There’s a lot of great stuff happening at the start of this book, including the play on how mirrors function in fairy tales, and the introduction of Lillith (who we don’t quite know the identity of yet, though Desiderata kind of gives it away in thinking of her and Granny Weatherwax together), and the problems with the fairy godmother wand. But really, it’s all about this lengthy Lord of the Rings parody, in which Pratchett seems to be saying “if the Fellowship had been a bunch of witches, this all would have gone much faster.”

You’ve got Granny shouting at the dwarfs to let them inside the mines instead of bothering with their invisible runes; the gifting of the dwarf version of lembas; then a version of Gollum shows up and is promptly whacked on the head with an oar and sent packing. The dwarf bread is actually my favorite of these details because what Pratchett describes is something closer to hardtack, which is what many fans have presumed as the basis of lembas for decades. (There are so many nice internet recipes out there suggesting that you flavor your “lembas” with almond or lemon or cinnamon, and every time I read them, I think nice try.)

But that’s only the first part of the journey. When the witches travel, they wind up having several books’ worth of adventures in one go. Comedy is one reason for this, of course—the more shenanigans you get up to in a small span of time, the funnier things are. But there’s a sort of understated feminism to the whole business as well because the witches can handle so much with so little fanfare. Which, of course they can, because that’s how being a woman works. You’re expected to juggle numerous aspects of life seamlessly because society dictates that it should be easy for you. It’s not, but plenty of women manage it anyhow.

And sometimes that ability to manage just comes down to pure eccentricity. If Gytha Ogg hadn’t insisted on bringing Greebo along, they likely wouldn’t have averted the whole vampire situation without even noticing that there was one.
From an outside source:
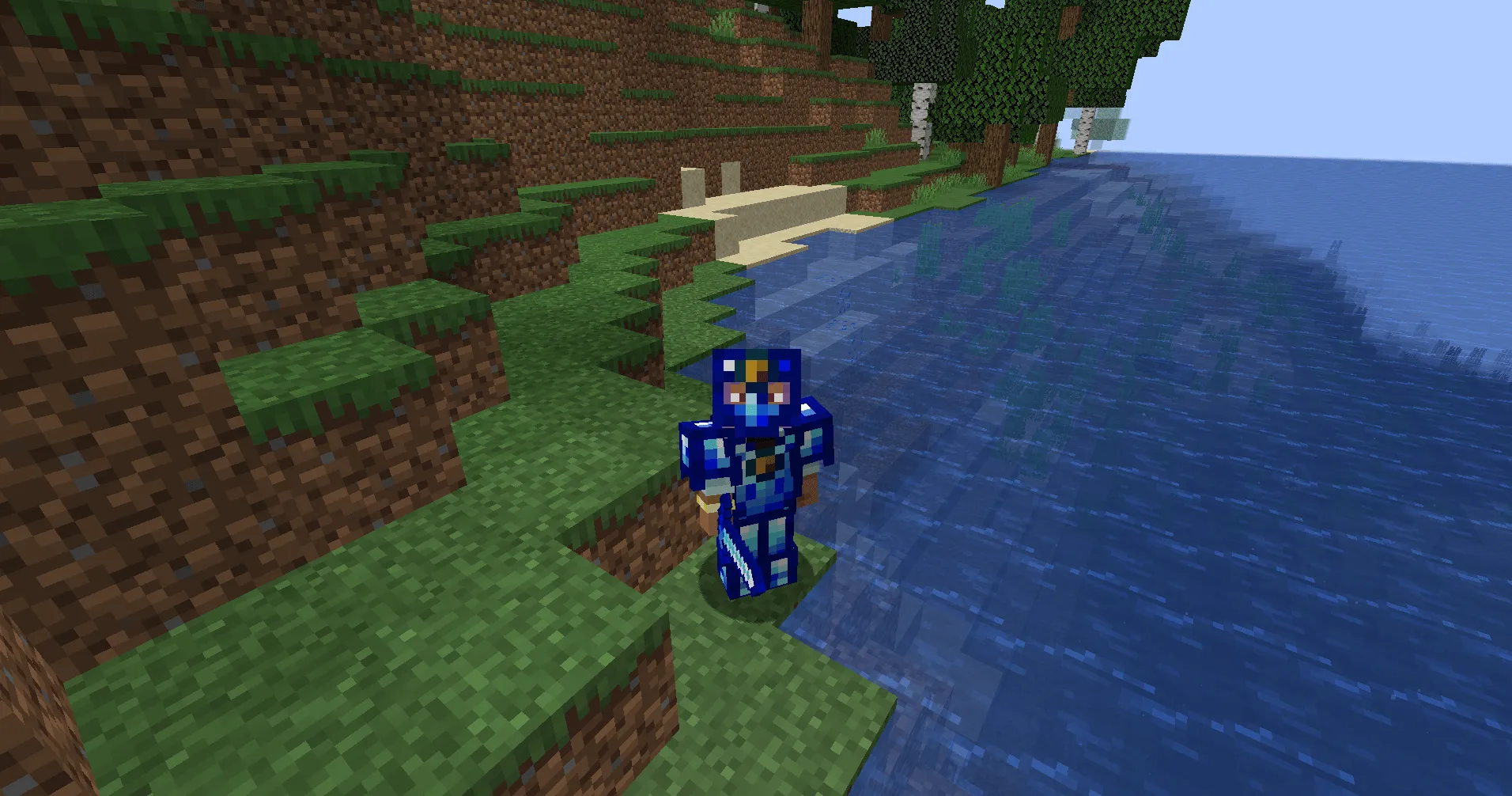 Rakuto's Mystical Adventure, Моды, Minecraft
She’s more than earned her garlic sausages in bed, no matter what Granny says.

Asides and little thoughts:

  • In the last book there was a mention of pickles and in this book there is too, and it’s from Magrat talking about pickling pumpkins and Granny Weatherwax being horrified at the mere idea of doing pickling for herself. Apparently witches love pickles, but Granny is sure to get them given to her.
  • There’s that bit about Granny making her goose-grease-and-sage chest liniment, and how it keeps colds away because it smells so terrible that people don’t come near you, and my mind immediately supplied “witch products for social distancing.”
  • TEMPERS FUGGIT. Nanny Ogg is a treasure.
  • Another of Dibbler’s side-businesses—self-help ninja books? That definitely sounds like a thing he’d try to make money from. Wonder who publishes the books…

Pratchettisms:

This is a story about stories.

Most witches don’t believe in gods. They know the gods exist, of course. They even deal with them occasionally. But they don’t believe in them. They know them too well. It would be like believing in the postman.

Granny Weatherwax didn’t like maps. She felt instinctively that they sold the landscape short.

“We’ve got a lot of experience of not having any experience,” said Nanny Ogg happily.

“He’ll miss his mummy if he’s left behind, won’t he,” crooned Nanny Ogg, picking up Greebo. He hung limply, like a bag of water gripped around the middle.

Far more important, in Lillith’s book, were crimes against narrative expectation. People didn’t seem to know how they should behave.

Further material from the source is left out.